Così li definisce Christian Bobin uno scrittore e poeta francese, vincitore del premio Prix des Deux Magots nel 1993 e del premio Prix de l’Académie Française nel 2016.
La tragedia della maternità surrogata
Pupi: perché non usare questa parola con tanto di tono dispregiativo, che traspare dal tweet, con quelle donne che tanto vorrebbero essere madri ma non possono vivere la maternità? Oppure con quelle donne, con quelle madri che hanno perso un figlio? Oppure con quelle donne, con quelle madri, con quelle nonne che non si sentiranno più chiamare “mamma” oppure “nonna”? Oppure con quelle donne che costrette dalla fame, dalla miseria o addirittura perché ingannate si ritrovano con un figlio ridotto a un mero pacco regalo da dare a qualche coppia omosessuale. Privando il bambino non solo della sua dignità di essere umano ma anche del diritto fondamentale alla bigenitorialità?
Una battaglia di civiltà
Un desiderio, che piaccia o meno, non era, non è e mai sarà un diritto, tanto quanto un bambino non sarà mai un pupo e tanto quanto una vita è una vita sia essa o meno nel grembo materno.

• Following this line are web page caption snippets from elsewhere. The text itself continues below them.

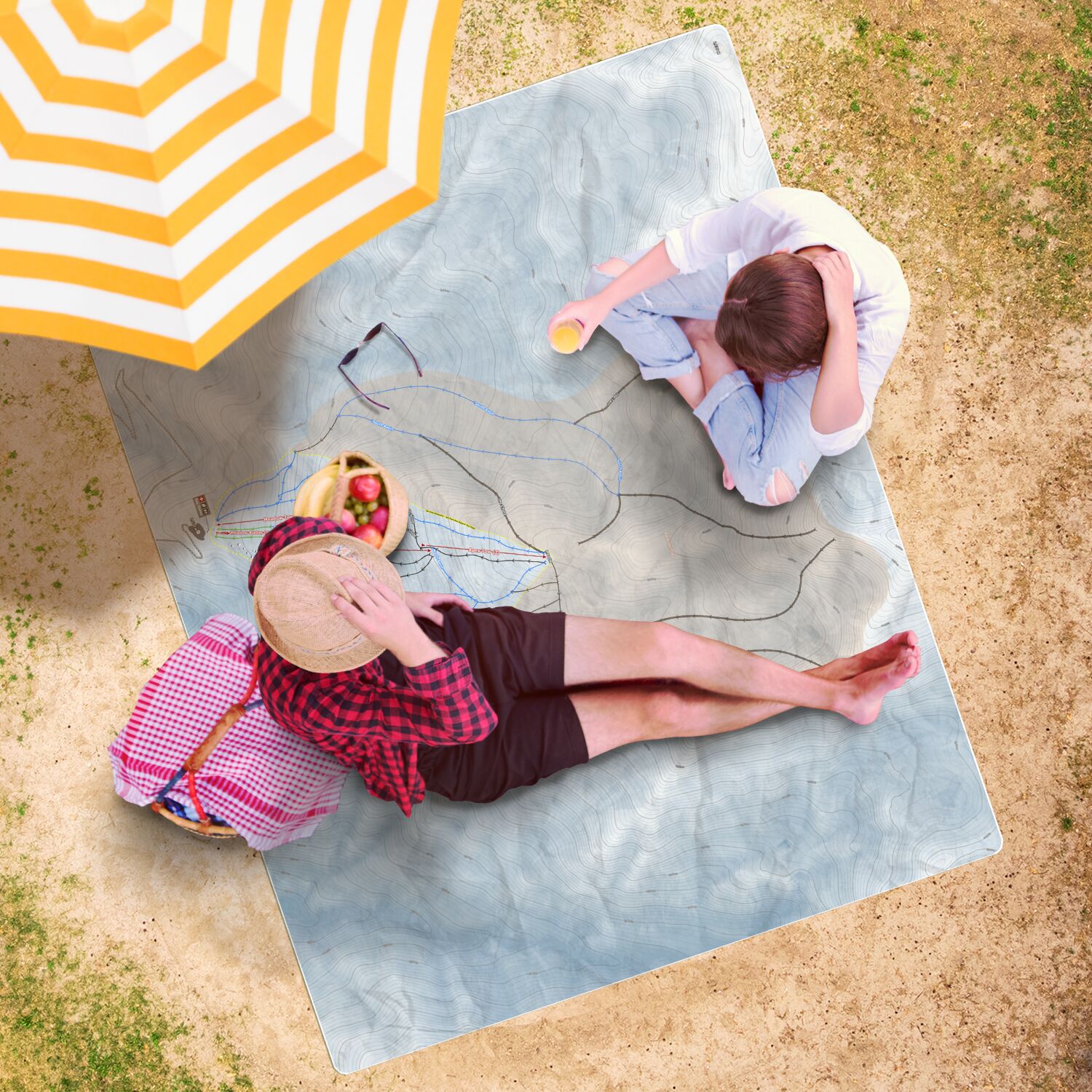 Fox Peak, New Zealand Ski Resort Map Printed Beach Towel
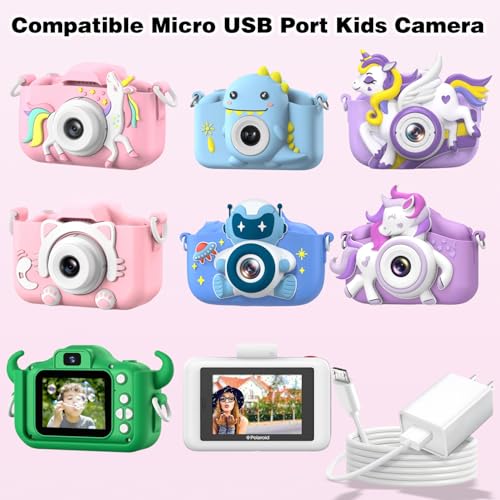 Kids Camera Charger, 5V1A Wall Charger with 5FT USB to Micro USB Charging Cable, Compatible Goopow Gofunly Hangrui Kids Digital Instant Print Camera Toys & Toddler Cameras 5v 1a Power Adapter White - color: 5v1a white+micro usb cable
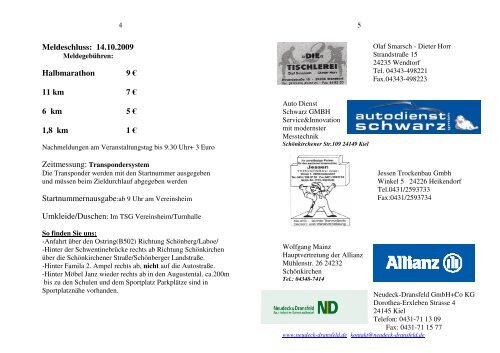 Flyer 2009 DIN A5 Format - TSG Concordia Schönkirchen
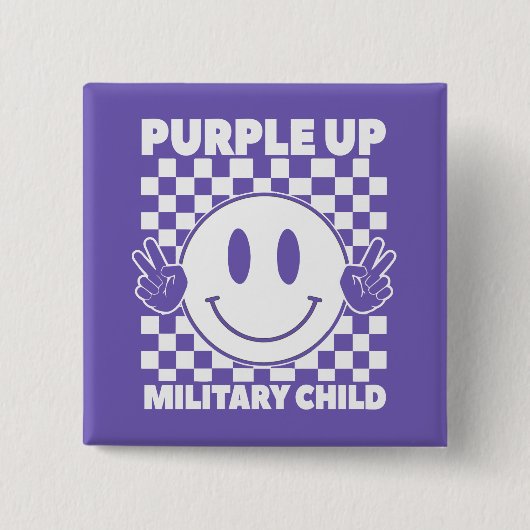 Lila für Militärkinder - Monat Button (Vorderseite)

E fino a quando esisteranno donne che faranno propri i battiti di un bambino. Fino a quando esisteranno donne che sentiranno sulla pelle la sofferenza di un bambino. Fino a quando esisteranno donne che vivranno l’aborto come una sconfitta umana anziché una vittoria di civiltà. I bambini resteranno bambini e i pupi esisteranno solo in ideologie umanamente egoiste.
Quelle in funzione della morte anziché della vita, quelle che considerano un “diritto” sopprimere una vita, quelle che intendono tutelare le donne aiutandole a commettere l’atto più devastante che una donna possa mai vivere: stroncare di chi porta in grembo.